Di akun Instagram @kamisanmajene, muncul sebuah unggahan dengan latar hitam dan tulisan besar “SEPTEMBER HITAM”.

“Bulan ini adalah saksi, ia adalah penanda banyaknya tetesan darah yang menjadi korban dan dikorbankan. kemenangan itu akan kita rebut kembali, jaga kawan, jaga warga, kawan bantu kawan, warga bantu warga. SOLIDARITAS UNTUK SELURUH KORBAN!,” tulis caption dalam unggahan tersebut.

Istilah September Hitam ini pun menjadi tema demonstrasi hari ini di Yogyakarta. Lantas, apa arti dan makna sebenarnya dari istilah September Hitam?

Arti September Hitam dan Kumpulan Peristiwa Kelam di Indonesia

September Hitam adalah istilah yang digunakan untuk mengingat kembali berbagai peristiwa kelam yang terjadi di bulan September dalam sejarah Indonesia.

Beberapa peristiwa kelam yang menjadi bahan renungan dalam kampanye “September Hitam” adalah:

1. Gerakan 30 September

Pada 30 September 1965, tujuh perwira tinggi TNI AD menjadi target penculikan. Mereka adalah Jenderal Ahmad Yani, Letjen Raden Suprapto, Letjen S. Parman, Letjen MT Haryono, Mayjen DI Panjaitan, Mayjen Sutoyo Siswomiharjo, dan Kapten Pierre Tendean.

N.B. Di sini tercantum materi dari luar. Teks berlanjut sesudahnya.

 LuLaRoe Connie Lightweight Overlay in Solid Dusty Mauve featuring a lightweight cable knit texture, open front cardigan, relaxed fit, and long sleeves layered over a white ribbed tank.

Jenderal A.H. Nasution sebenarnya juga menjadi target namun selamat karena kelompok penculik mengira Kapten Pierre Tendean yang menjadi ajudan sebagai dirinya.

Semua perwira TNI tersebut dibunuh dan jasadnya dibuang di Lubang Buaya.

2. Tragedi Tanjung Priok

Tragedi ini bermula ketika ada seorang prajurit TNI yang memasuki sebuah masjid tanpa mencopot sepatu. Ia kemudian diprotes masyarakat dan terjadi bentrokan yang membuat 4 jamaah masjid ditangkap.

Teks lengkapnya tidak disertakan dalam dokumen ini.